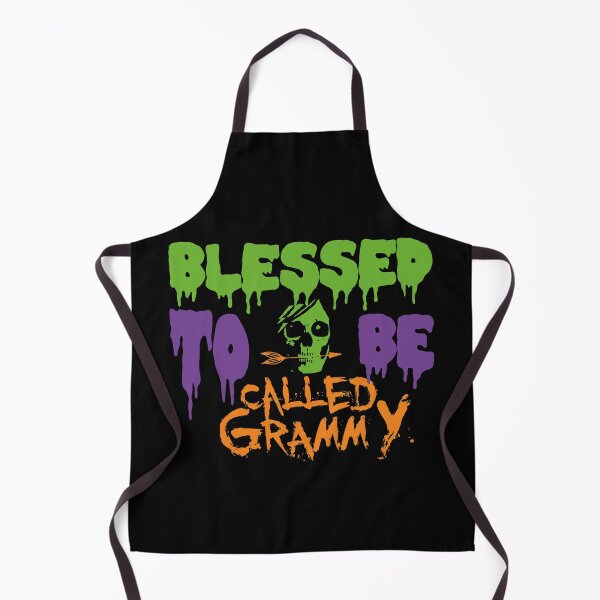 Item preview, Blessed To Be Called Grammy funny halloween designed and sold by TwilighTHOLO.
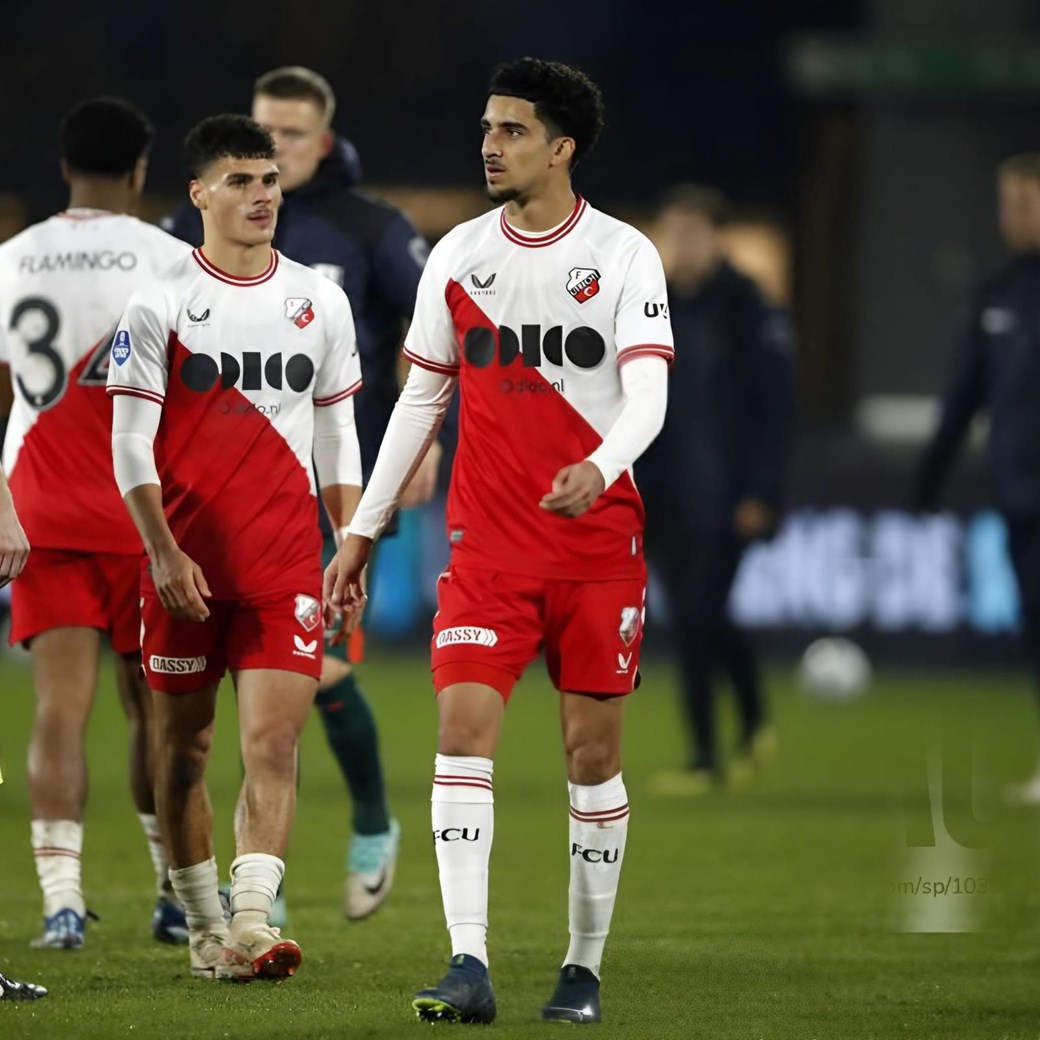 وعكة صحية تغيب زيدان اقبال عن مباراة هيراكليس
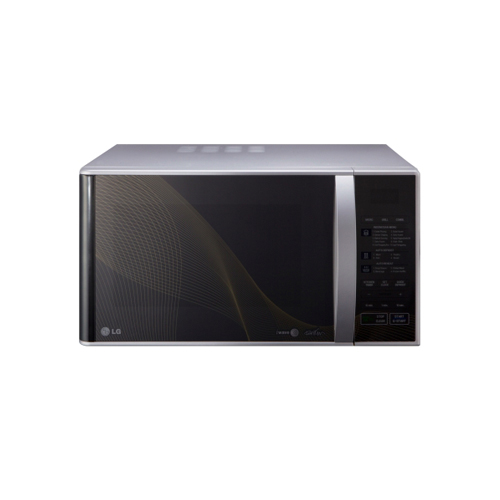 LG Microwave Grill - MH6343BAK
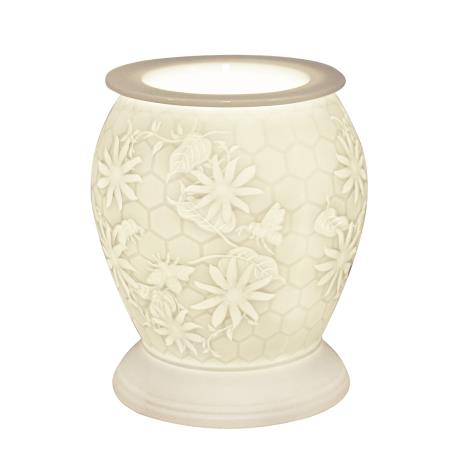 Desire Aroma Honeycomb Ceramic Electric Wax Melt Warmer  £19.19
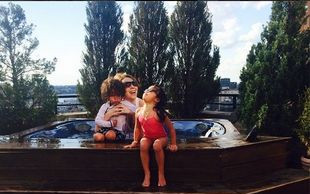 Dzieciaki Mariah Carey rosną jak na drożdżach (FOTO)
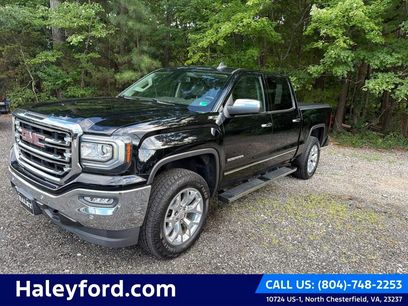 Used 2018 GMC Sierra 1500 SLT w/ SLT Premium Package
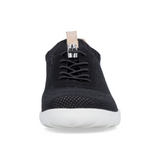 Remonte Liv 20 Sneaker (Women) - Black Athletic - Casual - Lace Up - The Heel Shoe Fitters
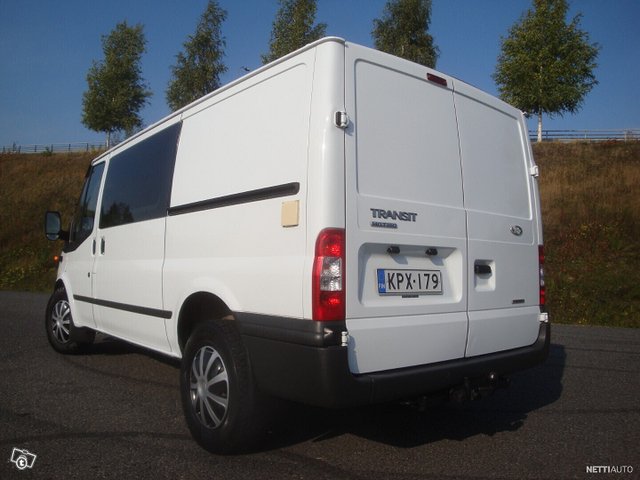 Ford Transit 4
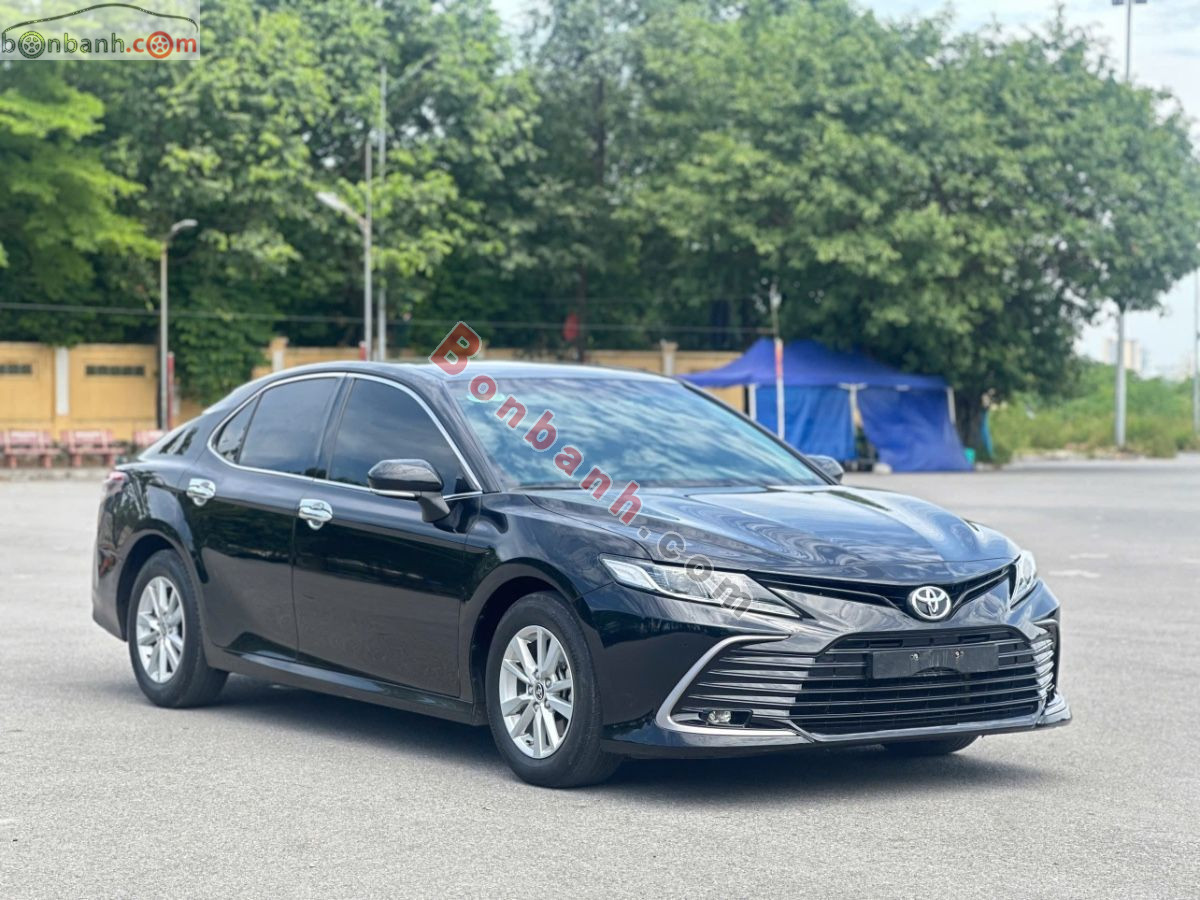 Bán ô tô Toyota Camry 2.0G - 2022 - xe cũ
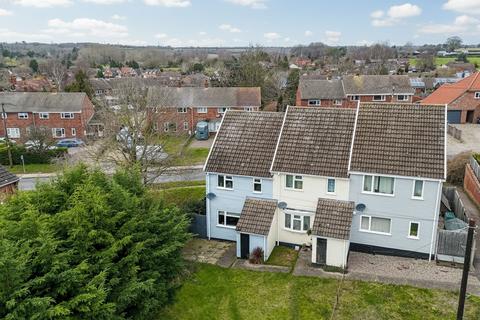 3 bedroom semi-detached house for sale - Gravel Hill, Stoke Holy Cross, Norwich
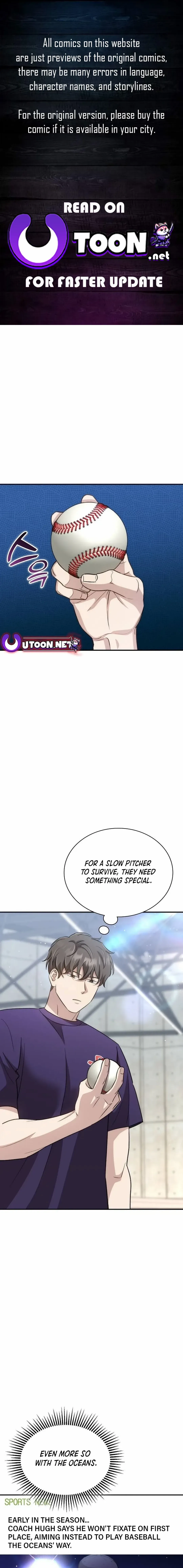 Genius Hitter Hits Fastball - Chapter 40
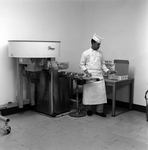 Employees of Colonial Meat Packing Corporation, St. Petersburg, Florida, G by George Skip Gandy IV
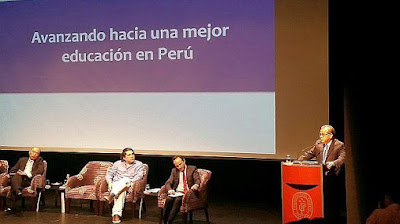 El Perú está mejorando en el sector educación según la OCDE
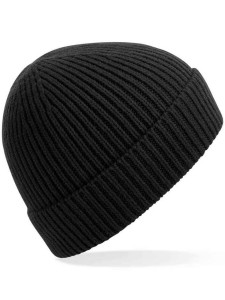 Beechfield Engineered Knit Ribbed Beanie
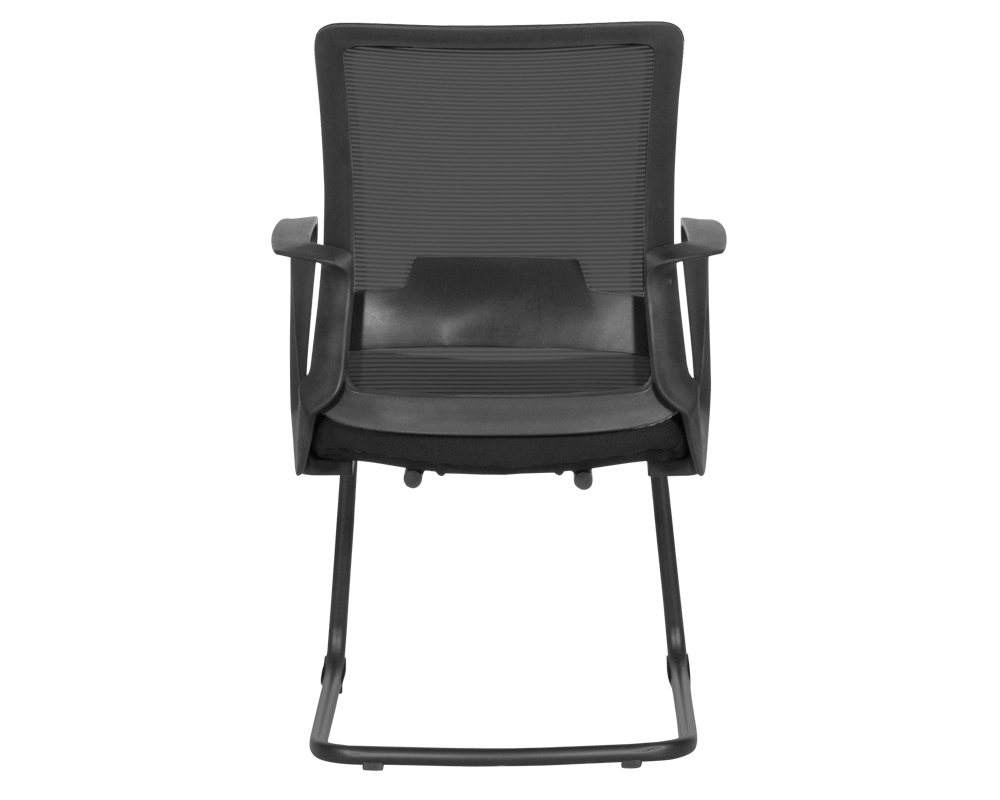 Офис стол Посетителски стол Carmen 7564 - черен 5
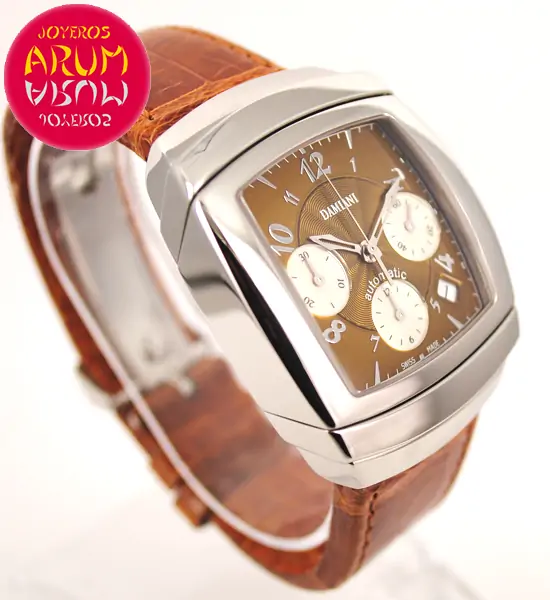 Damiani Chronograph ARUM Ref. 3247 Damiani Chronograph ARUM Ref. 3247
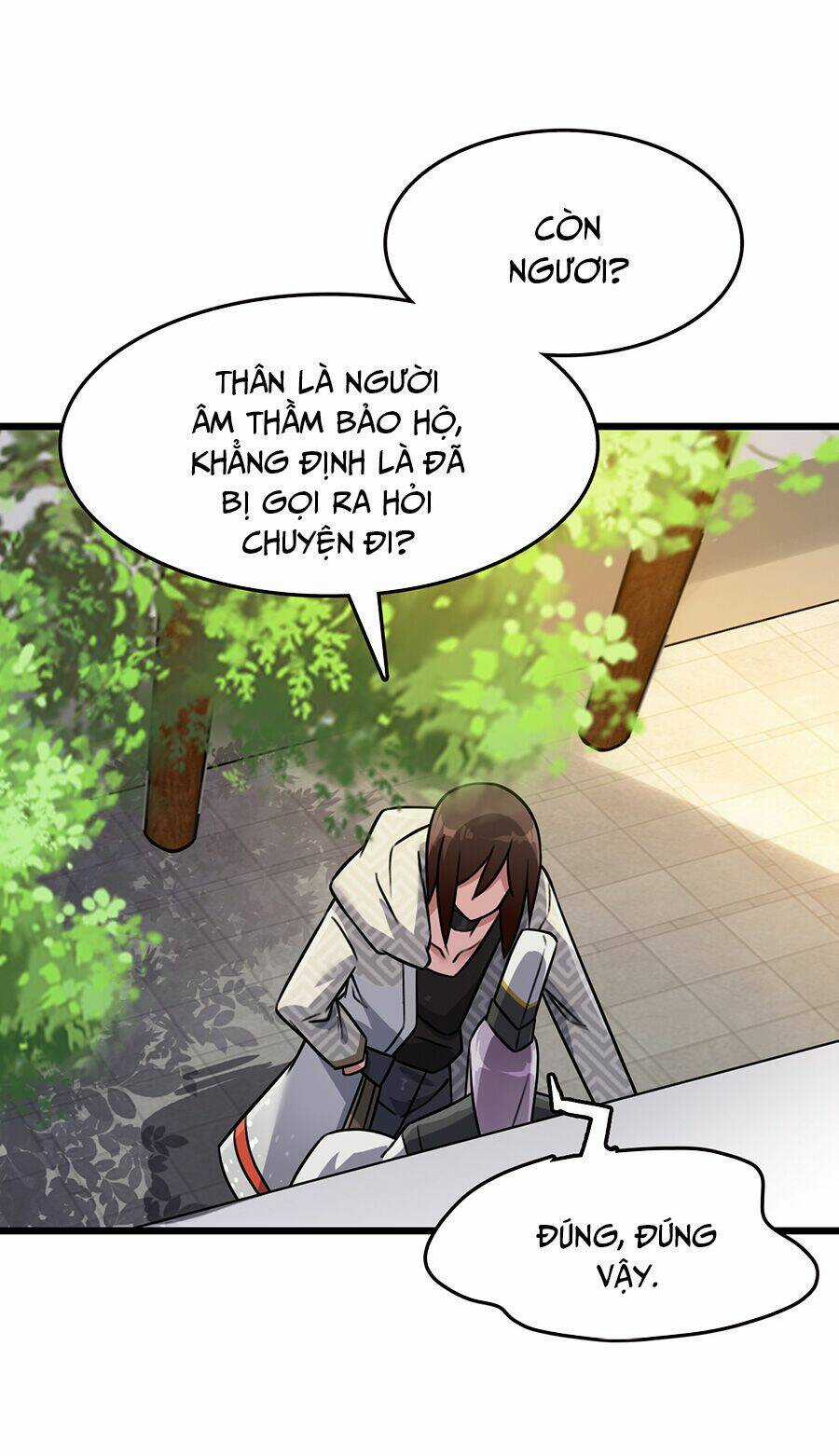 Đại Bảo Kiếm Của Tôi Chapter 33 trang 38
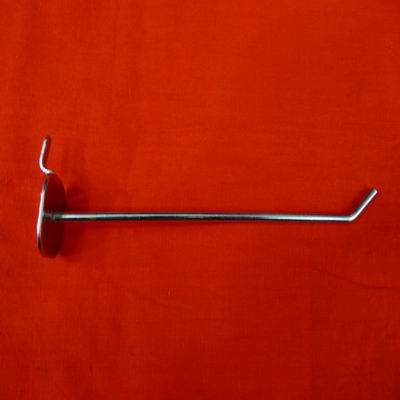 不銹鋼蘋果鉤10cm===A1-1-1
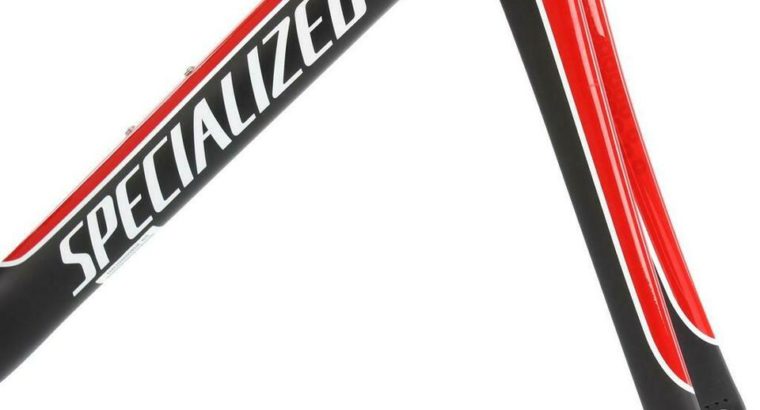 Specialized Alias Pro Tri Frameset – 44cm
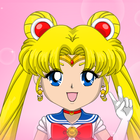 Sailor Scouts Avatar Maker icon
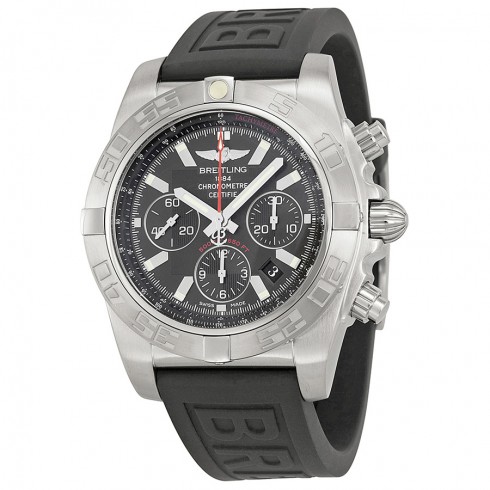 Breitling Chronomat 44 Flying Fish Men's Watch AB011010-BB08BKPT3 watches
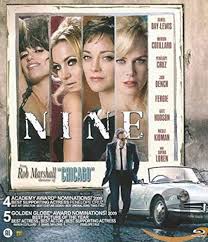 Nine: Płyta DVD/Blu-ray - Amazon.pl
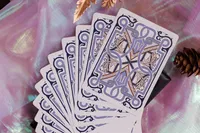 Room One Cards The Statue of Zeus at Ephesus Playing Cards - Half Brick Set - Statue of Zeus at Olympia - photo 9
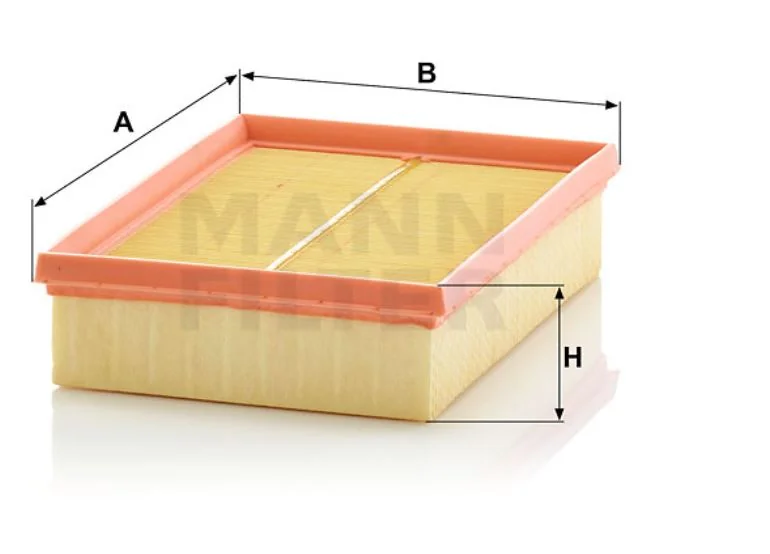 Mann-Filter - C 24 041 - Luftfilterelement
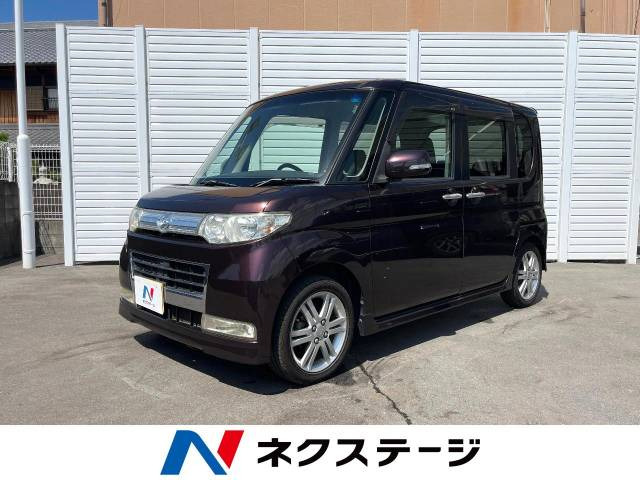 ダイハツ タントカスタム 2007年モデル V セレクション ターボの中古車一覧｜中古車検索 - 価格.com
##############################
__Task objective__: Could you set down the records above word for word, without any of the pictures?

__Your response__:
 Item preview, Blessed To Be Called Grammy funny halloween designed and sold by TwilighTHOLO.
 وعكة صحية تغيب زيدان اقبال عن مباراة هيراكليس
 LG Microwave Grill - MH6343BAK
 Desire Aroma Honeycomb Ceramic Electric Wax Melt Warmer  £19.19
 Dzieciaki Mariah Carey rosną jak na drożdżach (FOTO)
 Used 2018 GMC Sierra 1500 SLT w/ SLT Premium Package
 Remonte Liv 20 Sneaker (Women) - Black Athletic - Casual - Lace Up - The Heel Shoe Fitters
 Ford Transit 4
 Bán ô tô Toyota Camry 2.0G - 2022 - xe cũ
 3 bedroom semi-detached house for sale - Gravel Hill, Stoke Holy Cross, Norwich
 Genius Hitter Hits Fastball - Chapter 40
 Employees of Colonial Meat Packing Corporation, St. Petersburg, Florida, G by George Skip Gandy IV
 El Perú está mejorando en el sector educación según la OCDE
 Beechfield Engineered Knit Ribbed Beanie
 Офис стол Посетителски стол Carmen 7564 - черен 5
 Damiani Chronograph ARUM Ref. 3247 Damiani Chronograph ARUM Ref. 3247
 Đại Bảo Kiếm Của Tôi Chapter 33 trang 38
 不銹鋼蘋果鉤10cm===A1-1-1
 Specialized Alias Pro Tri Frameset – 44cm
 Sailor Scouts Avatar Maker icon
 Breitling Chronomat 44 Flying Fish Men's Watch AB011010-BB08BKPT3 watches
 Nine: Płyta DVD/Blu-ray - Amazon.pl
 Room One Cards The Statue of Zeus at Ephesus Playing Cards - Half Brick Set - Statue of Zeus at Olympia - photo 9
 Mann-Filter - C 24 041 - Luftfilterelement
 ダイハツ タントカスタム 2007年モデル V セレクション ターボの中古車一覧｜中古車検索 - 価格.com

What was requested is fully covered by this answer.